We have rented a property for twenty plus years and maintained a small field which is attached to the property and has never been part of the rent agreement, the owner has never used it or shown any interest in its condition. Are there any adverse possesion benefits here.

Comments

  • princeofpounds
    princeofpounds Posts: 10,396 Forumite
    Part of the Furniture 10,000 Posts Name Dropper Combo Breaker
    If you have enclosed it and used it as your own for that long, probably yes.

    However, if it's a stranded plot with access only through a property you rent but do not own then it's utility might be small in future
  • jatos
    jatos Posts: 53 Forumite
    Time to give a lawyer a phone call I think!
  • G_M
    G_M Posts: 51,977 Forumite
    Part of the Furniture 10,000 Posts Name Dropper Combo Breaker
    Who owns the field? You say it is attached to the property so I assume your LL owns it?

    What makes you say it is not part of the tenancy agreement?

    For example, if the field is part of the property (eg the Land Registry Title Plan includes both the building and the field) and your tenancy agremement is for (address of property"), then the field would be included.

    http://www.landregistry.gov.uk/professional/guides/practice-guide-4
  • martinsurrey
    martinsurrey Posts: 3,368 Forumite
    I'll add on to this,

    I do believe that if a tenant gains adverse possession of land through the use of their tenancy agreement (as in this example, the OP uses the tenancy boundary to gain possession of more land) that the land becomes part of the tenancy, so the benefit of the adverse possession will end up benefiting the landlord.

    So you can claim the land through adverse possession, but when the tenancy ends, the LL gets everything, and if he owned it originally, we’re back to the status quo.
  • princeofpounds
    princeofpounds Posts: 10,396 Forumite
    Part of the Furniture 10,000 Posts Name Dropper Combo Breaker
    I do believe that if a tenant gains adverse possession of land through the use of their tenancy agreement (as in this example, the OP uses the tenancy boundary to gain possession of more land) that the land becomes part of the tenancy, so the benefit of the adverse possession will end up benefiting the landlord.

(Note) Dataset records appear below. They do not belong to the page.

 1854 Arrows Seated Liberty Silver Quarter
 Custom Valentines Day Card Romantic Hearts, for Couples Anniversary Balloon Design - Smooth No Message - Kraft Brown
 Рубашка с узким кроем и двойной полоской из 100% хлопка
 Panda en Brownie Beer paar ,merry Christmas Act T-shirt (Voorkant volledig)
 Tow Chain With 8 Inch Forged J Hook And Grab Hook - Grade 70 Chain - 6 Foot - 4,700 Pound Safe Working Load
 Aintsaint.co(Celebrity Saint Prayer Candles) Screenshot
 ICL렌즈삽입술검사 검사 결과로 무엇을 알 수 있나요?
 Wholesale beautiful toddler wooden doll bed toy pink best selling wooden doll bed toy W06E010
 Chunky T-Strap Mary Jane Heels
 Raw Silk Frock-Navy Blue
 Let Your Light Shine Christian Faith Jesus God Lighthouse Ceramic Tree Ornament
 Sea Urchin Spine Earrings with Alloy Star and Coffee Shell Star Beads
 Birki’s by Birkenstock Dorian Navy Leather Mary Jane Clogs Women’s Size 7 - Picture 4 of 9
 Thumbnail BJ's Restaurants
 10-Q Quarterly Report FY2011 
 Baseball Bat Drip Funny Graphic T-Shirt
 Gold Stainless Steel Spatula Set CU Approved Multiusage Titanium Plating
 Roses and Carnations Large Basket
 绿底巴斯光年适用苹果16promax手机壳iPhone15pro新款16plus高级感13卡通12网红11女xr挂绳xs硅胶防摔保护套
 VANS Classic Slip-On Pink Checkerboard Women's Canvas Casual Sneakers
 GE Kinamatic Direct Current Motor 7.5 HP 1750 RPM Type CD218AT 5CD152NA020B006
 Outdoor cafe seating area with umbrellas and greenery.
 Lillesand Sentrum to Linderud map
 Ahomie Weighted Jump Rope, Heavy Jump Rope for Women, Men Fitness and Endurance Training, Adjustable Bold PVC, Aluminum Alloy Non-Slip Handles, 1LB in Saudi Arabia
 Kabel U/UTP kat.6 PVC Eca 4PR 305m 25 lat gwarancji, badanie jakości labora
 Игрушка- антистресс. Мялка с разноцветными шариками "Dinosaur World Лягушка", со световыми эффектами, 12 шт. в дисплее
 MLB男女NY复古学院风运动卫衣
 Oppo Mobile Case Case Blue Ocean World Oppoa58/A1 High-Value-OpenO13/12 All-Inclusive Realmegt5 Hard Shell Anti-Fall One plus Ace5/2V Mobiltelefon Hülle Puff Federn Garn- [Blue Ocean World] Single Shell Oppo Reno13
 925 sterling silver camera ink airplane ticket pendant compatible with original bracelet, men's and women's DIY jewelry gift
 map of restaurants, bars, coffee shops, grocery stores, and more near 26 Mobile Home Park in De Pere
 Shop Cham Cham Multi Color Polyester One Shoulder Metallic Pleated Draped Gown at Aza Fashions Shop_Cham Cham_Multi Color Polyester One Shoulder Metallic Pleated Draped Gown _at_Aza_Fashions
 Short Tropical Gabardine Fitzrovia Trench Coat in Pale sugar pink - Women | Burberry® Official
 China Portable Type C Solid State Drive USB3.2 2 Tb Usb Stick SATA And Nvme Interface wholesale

    I guess this is the key point. I'm not so sure that is the case, as tenancies cannot 'possess' land, only individuals can, but worth trying to find out.
  • martinsurrey
    martinsurrey Posts: 3,368 Forumite
    I'm not so sure that is the case, as tenancies cannot 'possess' land,

    I am sure

    from

    http://www.landregistry.gov.uk/professional/guides/practice-guide-4

    12.2 Encroachments onto registered land from leasehold land

    As explained above, adverse possession requires "the intention, in one’s own name and on one’s own behalf, to exclude the world at large". There is a legal presumption that a tenant who encroaches onto other land does so for the benefit of their landlord. At least on one view, this presumption means that there is no adverse possession by a tenant and that any application under Schedule 6 to the Act should be by the tenant’s landlord.
  • princeofpounds
    princeofpounds Posts: 10,396 Forumite
    Part of the Furniture 10,000 Posts Name Dropper Combo Breaker
    Thanks for the link. That sounds pretty unequivocal, it would really be interesting to know what the legal logic is, I might try to track down and read one of the cited cases.
  • ValHaller
    ValHaller Posts: 5,212 Forumite
    1,000 Posts Combo Breaker
    I am sure

    from

    http://www.landregistry.gov.uk/professional/guides/practice-guide-4

    12.2 Encroachments onto registered land from leasehold land

    As explained above, adverse possession requires "the intention, in one’s own name and on one’s own behalf, to exclude the world at large". There is a legal presumption that a tenant who encroaches onto other land does so for the benefit of their landlord. At least on one view, this presumption means that there is no adverse possession by a tenant and that any application under Schedule 6 to the Act should be by the tenant’s landlord.
    The words "at least on one view" appear in the LR practice guide section. This is far from unequivocal and the guide goes on to say
    However, the presumption, by its nature, can be rebutted by evidence that the tenant actually intended the encroachment to be for their own benefit; and we are prepared to treat the fact that the application has been made as sufficient evidence of this intention for us to proceed with the application.
    On an academic (rather than legal) reading, it suggests that if you can produce evidence that the encroachment was for your own benefit, you stand a fair chance of having the application go in your favour. My take on this is that by default only, the application would be presumed to be on behalf of the LL - but if you can produce evidence that the encroachment was in your own right, the default may be easy to overturn.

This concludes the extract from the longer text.